The tech is deleting videos that could be valuable evidence for prosecutors.

Lose/Lose Situation

In recent years, governments have repeatedly called upon Facebook and other social media platforms to do a better job of removing extremist content — specifically, anything promoting terrorism.

Many have turned to artificial intelligence to help them answer that call, but now an investigation by The Atlantic has revealed that these AIs might inadvertently be helping terrorists get away with their heinous crimes — by deleting valuable evidence of them.

Citizen Investigators

The Atlantic piece cites a 2017 Facebook video in which a terrorist oversees the execution of 18 people. Facebook removed the video, but not before it could spread across the internet.

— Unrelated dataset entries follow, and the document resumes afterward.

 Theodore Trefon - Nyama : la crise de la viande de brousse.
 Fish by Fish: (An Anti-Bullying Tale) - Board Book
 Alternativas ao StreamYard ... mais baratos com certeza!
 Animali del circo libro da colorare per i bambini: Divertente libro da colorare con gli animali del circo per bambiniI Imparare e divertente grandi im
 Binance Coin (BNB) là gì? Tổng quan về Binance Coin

People all across the globe analyzed the video, which led to the discovery that the execution took place in Libya and that the man ordering it was Mahmoud Mustafa Busayf al-Werfalli, an Al-Saiqa commander.

The subsequent warrant for Werfalli's arrest included several references to the Facebook video and others like it.

Lost Evidence

Since then, the content-filtering algorithms used by Facebook, YouTube, and the like have gotten far more advanced — they now automatically remove huge swathes of extremist content, sometimes even before it reaches the eyes of a single user.

And that's a major win in many respects — but the trade-off may be the loss of evidence that prosecutors could use to hold warlords, dictators, and terrorists accountable for their crimes.